The draft legislation reads: “The regime being proposed here is based on the relative contribution of each category of people to the development of defined land portions or farm units.

“The historical owner of the land automatically retains 50 percent of the land, while the labourers on the land assume ownership of the remaining 50 percent, proportional to their contribution to the development of the land, based on the number of years they had worked on the land.”

In response to the news of the date for comment, Western Cape Economic Opportunities MEC Alan Winde, whose portfolio includes agriculture, said: “Obviously, land reform is of critical importance. In fact, it would be a great risk not to address land reform…

“But any draconian legislation will endanger our entire agriculture industry – and all the industries in the agriculture value chain, like shipping, logistics and many more.

“The last thing you want is to threaten the industry, as this can cause jobs to be shed, and a stop to new capital investment into agriculture.”

Instead Winde argued in favour of “share equity schemes”, whereby the government funded farm workers to buy shares in farms, to become partners with the farm owners.

“We have 81 schemes in the Western Cape, and all of them are sustainable,” Winde said. “If the national government gives more support for these schemes, we will see more of them becoming successful.”

The key distinction between what the new proposal, and share equity schemes, is that farmers are incentivised rather than forced to give up half their ownership, Winde explained.

The Nkwinti’s spokesman, Mthobeli Mxotwa, said the various land stakeholders had been given a year to discuss and then present responses.

Agri Wes-Cape chief executive Carl Opperman told the Cape Argus on Sunday night: “We’ve been in discussions with the minister for more than two years now. The effect of what he’s saying is simply not feasible. First, if you look at the debt the farmers have on their land, in some cases it’s more than 50 percent, so if a farmer is forced to give up 50 percent ownership, he will, in effect, own nothing – he will have no equity left.

“Second, it is not economically viable, because of agriculture’s required economies of scale. In fact, we believe it’s going to negatively impact the economy of the whole country, especially the banking system.”

Opperman explained that the banking system could crash if bonded land lost value dramatically, due to a rush by farmers to sell, for example.
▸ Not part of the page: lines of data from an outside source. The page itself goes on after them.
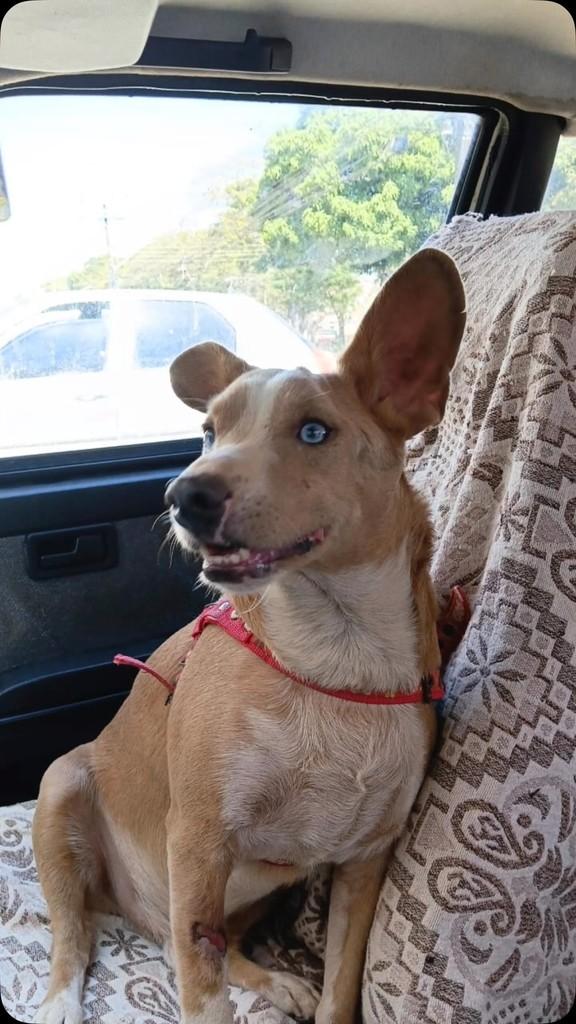 Piloto, cachorro de porte médio para adoção em Goiânia - GO
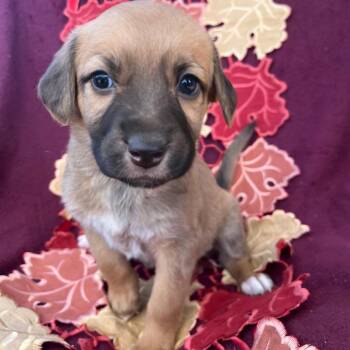 Cinnamon -  Mountain Cur Dog for Adoption in Cartersville, Georgia - Cinnamon | PetCurious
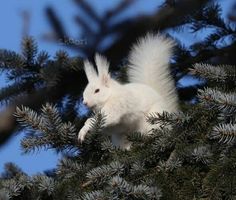 a white squirrel sitting in the branches of a pine tree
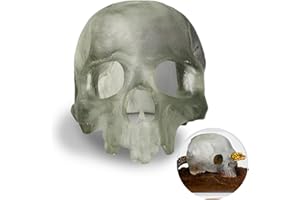 Authentic JOY Spooky Skull Décor, Premium Aquarium Resin Skull, Fish Tank Skull Decoration, Unique and Durable Snake/Reptile Hide, Halloween Aquarium Décor for Small Pets, Perfect for Terrarium Décor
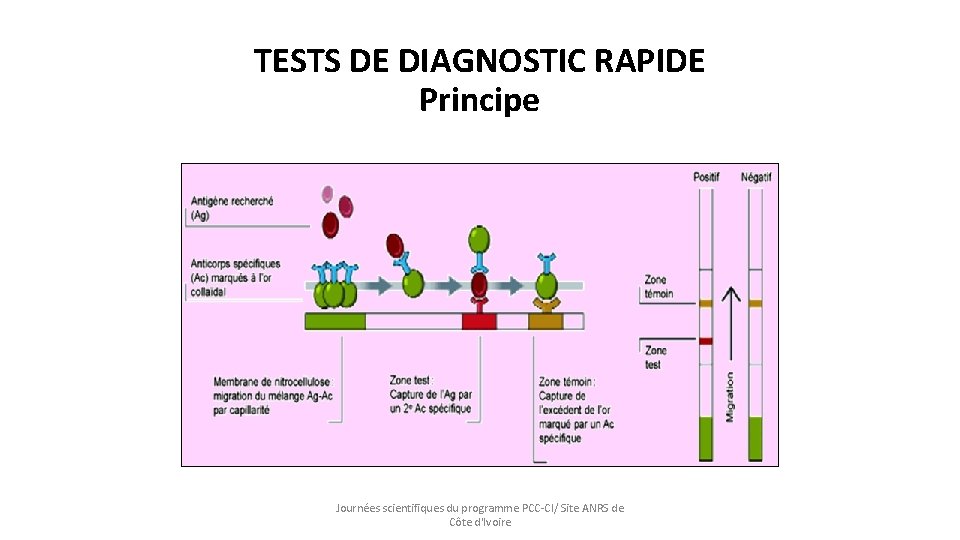 TESTS DE DIAGNOSTIC RAPIDE Principe Journées scientifiques du programme PCC-CI/ Site ANRS de Côte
“Then, on the emotional side, this proposal creates expectations for land, which is not going to be fulfilled, because we believe there’s not a court in the country which is going to uphold this legislation, as it is at present,” Opperman warned.

But Opperman confirmed they were working actively to negotiate and contribute towards a “more workable solution”, which was not as “dangerous” to South Africa’s economy.